The general principles relating to the appointment, role and duties of depositaries pursuant to the AIFMD have now been supplemented by the additional measures contained in a ‘Level 2’ Regulation approved by the European Commission. In addition in Ireland, the primary European jurisdiction for the servicing and domiciliation of alternative investment funds4 the relevant regulator, the Central Bank of Ireland (the Central Bank) has now issued its ‘AIF Rulebook’ which includes a specific chapter detailing the requirements relating to depositaries in Ireland under the AIFMD5.
This article explores the specific requirements pertaining to the appointment of depositaries reflected in this body of legislation, as well as their duties and responsibilities once appointed, and highlights the legal documentation which will be required to ensure compliance.
Background and legislative overview
The AIFMD was prepared in response to the market difficulties experienced as a result of the financial crisis of 2007/8. A primary concern was that the activities of AIFMs may spread or amplify risks through the financial system. Accordingly the AIFMD was drafted to provide comprehensive common arrangements for supervision of AIFMs at the European level.

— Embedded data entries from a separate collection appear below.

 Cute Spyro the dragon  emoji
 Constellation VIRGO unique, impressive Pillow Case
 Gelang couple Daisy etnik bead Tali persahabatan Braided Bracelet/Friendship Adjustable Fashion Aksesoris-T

The AIFMD was prepared as a principle-based framework document under the ‘Lamfalussy Process’ and as such, following its adoption, much of the fine detail, including with respect to the appointment, duties and potential liability of the depositary remained to be determined as ‘Level 2’ measures. The finalised text relating to Level 2 was contained in a regulation which was approved by the Commission on 19 December 2012 (the Regulation). The specific provisions relating to depositary liability to be contained in the Regulation were a key concern as draft text prepared for this by the European Commission, caused concern that the liability standard would be so high as to require a significant increase in custody fees and to potentially lead to key industry players determining to abandon the market. The final text approved had been amended from this earlier more onerous draft, however, although the liability standard applicable is higher than would typically be the case at present where a custodian has been appointed to an EU alternative fund6.

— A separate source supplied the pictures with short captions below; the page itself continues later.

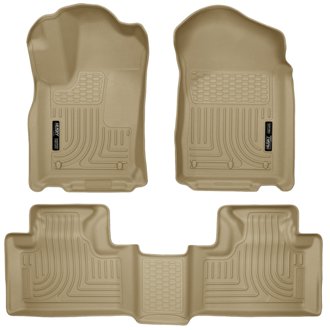 11-13 Dodge Durango / 11-13 Jeep Grand Cherokee WeatherBeater Combo Tan Floor Liners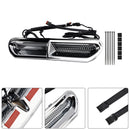 Iluminação de ventilação de entrada de ar da carenagem frontal LED para Touring Street Glide 2014-2024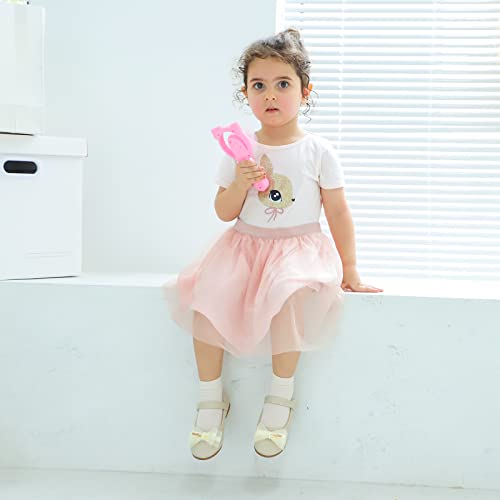 MK MATT KEELY Girls Party Wedding Shoes Mary Jane Ballet Dress Flat with Bow for 2-7 Years Toddlers Kids - Image 3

The Regulation itself has now been sent to the European Parliament and Council for approval and, as it is not expected to be opposed, should receive their approval in April 2013.
Overview of provisions relating to the depositary
The AIFMD does not purport to regulate AIFs directly. Accordingly it does not require AIFs to appoint a depositary (except where the AIF also constitutes the AIFMD, as is the case, for example, with self-managed investment companies) but rather imposes the requirement upon the relevant AIFM to ensure that a depositary is appointed to AIFs it manages7. Notwithstanding the indirect nature of this practical obligation, the AIFMD does contain a series of requirements pertaining to:
the manner of appointment of the depositary;
the types of entity which may or may not be appointed in satisfaction of this obligation (including their domicile);
the duties and potential liability inherent in this role; and
the extent to which aspects of it can be delegated, including the effect of this with respect to the potential liability of the depositary8.

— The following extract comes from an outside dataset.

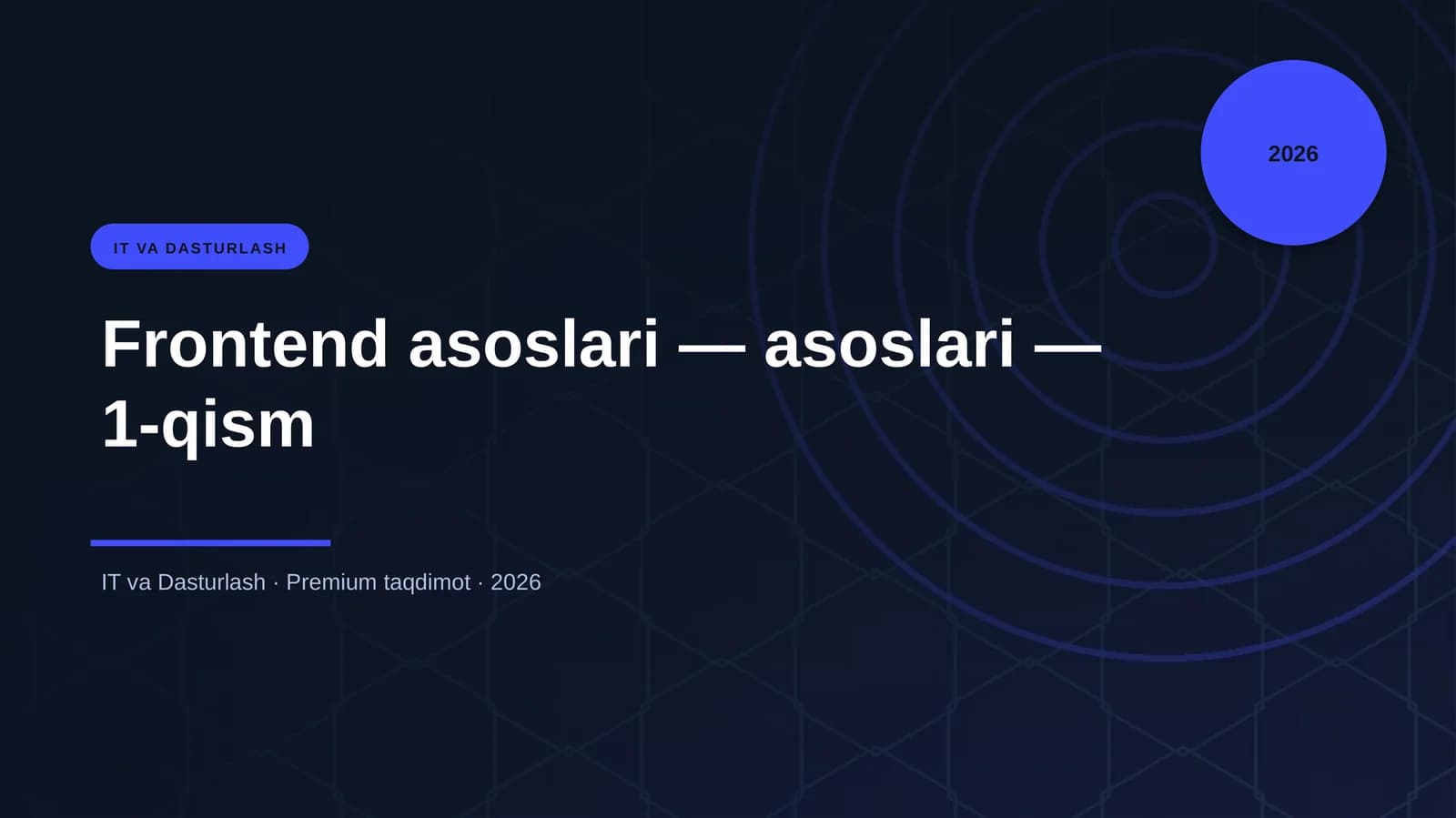 Frontend asoslari — asoslari — 1-qism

The Regulation further details the requirements applicable to these points9, and in particular in relation to: the content of the contract appointing the depositaries10; the criteria for assessing the regulation of depositaries in third countries11; depositary functions and duties12, liability of the depositary13 and contracts discharging this14.
The AIFMD itself provides that a depositary be appointed by written contract which ensures that the depositary can receive adequate information under the terms of this agreement to enable it to carry out its functions15. This obligation is elaborated on substantially in the Regulation which details over 20 specific terms to be included in such contract.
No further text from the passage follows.